Data-Driven Dynamic Motion Planning for Practical FES-Controlled Reaching Motions in Spinal Cord Injury

IEEE Trans Neural Syst Rehabil Eng, 2023 · DOI: 10.1109/TNSRE.2023.3272929 · Published: June 8, 2023

Assistive TechnologyBiomedical

Simple Explanation

Functional electrical stimulation (FES) can help people with spinal cord injuries (SCI) regain arm movement. However, SCI can weaken muscles, making it hard to control FES-driven reaching motions.
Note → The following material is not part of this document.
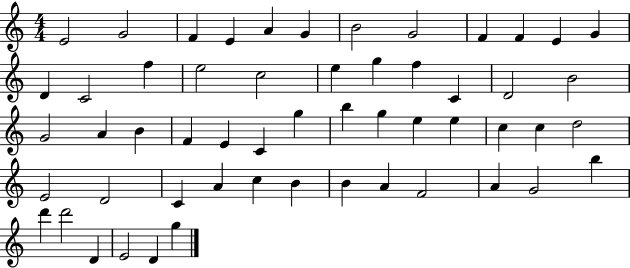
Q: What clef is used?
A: treble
This study developed a new method that uses data about a person's specific muscle capabilities to plan feasible reaching trajectories, improving target reach and accuracy compared to simple reaching paths. The trajectory optimization method should be practically implemented to improve the FES-driven reaching performance.

Study Duration
Not specified
Participants
Single human participant with high tetraplegia
Evidence Level
Simulation study

Key Findings

  • 1
    Trajectory optimization improved the ability to reach targets compared to naive direct-to-target paths.
  • 2
    Trajectory optimization improved the accuracy for the feedforward-feedback and model predictive controllers (p < 0.001).
  • 3
    Even with an ideal model of the participant’s muscle capabilities and the dynamics of the system, trajectory optimization is necessary to avoid paths which include uncontrollable configurations and produce accurate reaches.

Research Summary

This study developed a data-driven trajectory optimization method for reaching motions that accounts for person-specific muscle weakness and loss of function in individuals with SCI. The method involves identifying a person-specific mathematical model of the arm, creating a dynamic simulation with modeled muscle capabilities, and developing a trajectory optimization routine. The performance of controlling the arm along optimized planned trajectories was compared to naive direct-to-target paths using feedback, feedforward-feedback, and model predictive control structures.

Practical Implications

Improved Reaching Performance

The trajectory optimization method can be implemented to improve FES-driven reaching performance in individuals with SCI.

Personalized Neuroprosthetics

The subject-specific, data-driven approach allows for personalized neuroprosthetics that account for individual muscle capabilities.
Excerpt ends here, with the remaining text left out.